The big question, of course, is how far they can go. Is it just a title challenge, or are we really talking about Liverpool becoming champions again in Klopp’s final season? The German, perhaps predictably, sidestepped that question. “All that matters is where we are from a performance point of view – and today we saw that.”
This is actually the real significance of a fixture that had been built up as another seismic Liverpool-City game but ended somewhat unsatisfactorily. There was no climax. Rather than settling anything, though, it set a pace.
After months where Liverpool looked so promising but questions persisted over how good they actually were, we now have a definitive answer. They were able to come back against City and dominate the game with many senior players missing. That is a big step.
They have become the team to beat… except for the fact that Arsenal are still ahead of them. And, once this duel between two great rivals was out of the way, thoughts properly turned to the fact that this really looks like the Premier League’s first proper three-way race in a decade. Both managers were asked about the prospect, with neither having experienced it before.
It is something new even for them. That creates even more excitement from a sense of uncertainty. They won’t just be looking to each other. Guardiola initially had a curious response when asked whether that posed a different challenge.
“You are not going to undermine our previous Premier Leagues,” he said, before again mentioning “credit”.
That whole debate is something that seems to have increasingly agitated the Catalan of late, and it’s hard not to wonder whether it’s linked to all the praise for the departing Klopp. The German himself simply ruminated on whether he’d ever been involved in a three-way race and concluded he had not.
Where both managers were relaying exactly the same message, though, was in effusive praise of the other challenger. Both were glowing about Arsenal.
Guardiola enthused about how Mikel Arteta’s side “need 25 minutes to go 3-0 up”, in reference to the way they’ve just blown sides away of late. Klopp picked up that theme, talking about how Arsenal are ‘firing on all cylinders”.

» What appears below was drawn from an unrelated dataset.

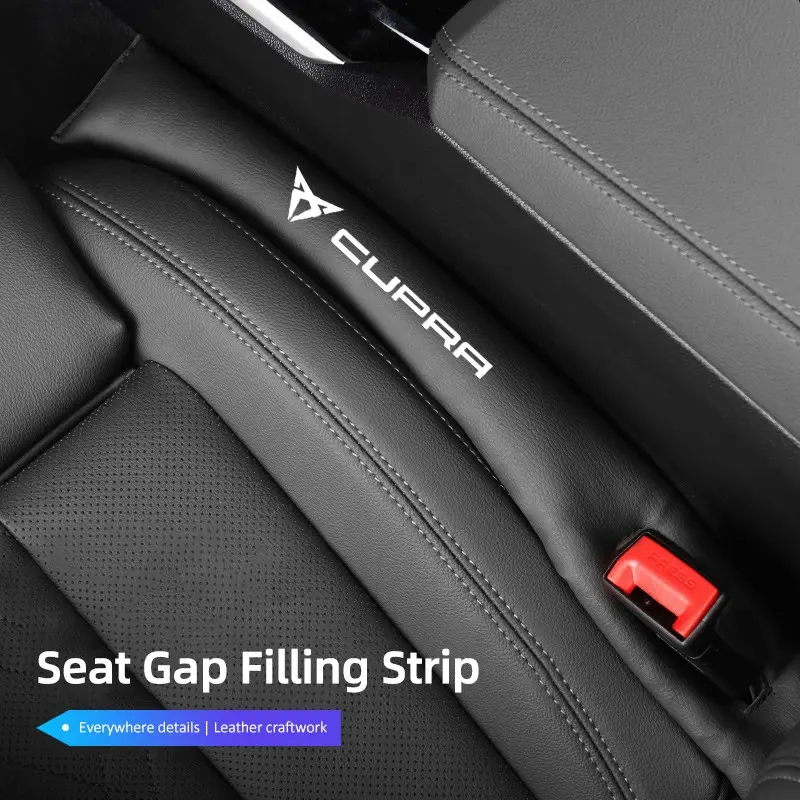 Car Seat Gap Filler Side Seam Plug Strip Leak-proof Filling Strip For Seat Tarraco Arona Ibiza Leon Ateca Mii EL-BORN Toledo Formentor Altea E-Racer Alhambra Tavascan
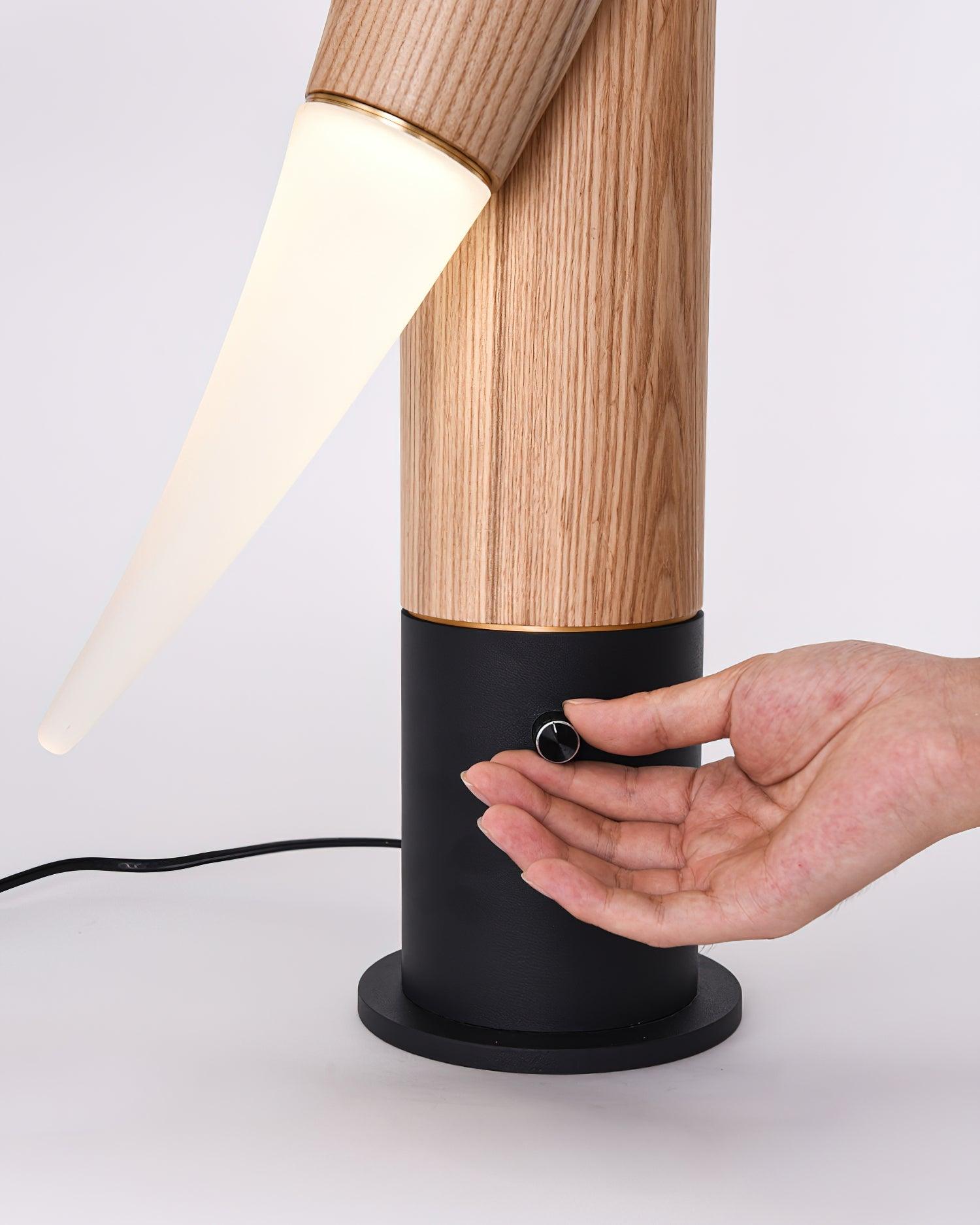 Joanne Contemporary Wood Table Lamp - Blowlighting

He then added “City is City”, which is a simple three words but is maybe the most relevant point in all of this.
What he meant is that it’s known Guardiola’s side can get over 85 points at will – usually more – so this is the standard the other two have to reach. That’s the decisive factor in the entire race. That is also why Klopp took such satisfaction from this result, but particularly the performance. It was an assertion of quality. Arsenal are meanwhile indicating they can accelerate from last season; that they have genuinely gone to another level.
Whether it’s enough remains to be seen, but it’s all certainly sufficient for another staple of proper title races. Klopp asked the media after this 1-1 how many matches are left. There are 10.
That is generally the point where the title race becomes the title run-in, and everyone starts looking to the remaining fixtures to figure out where points might be dropped.
It is often a futile exercise but it adds to the entertainment of it all. Certain fixtures are marked. One now looms above the rest. It is one where it will be Klopp sitting back, to watch City and Arsenal go at it on Easter Sunday.
We’ll get closer to the full picture, and closer to the title itself.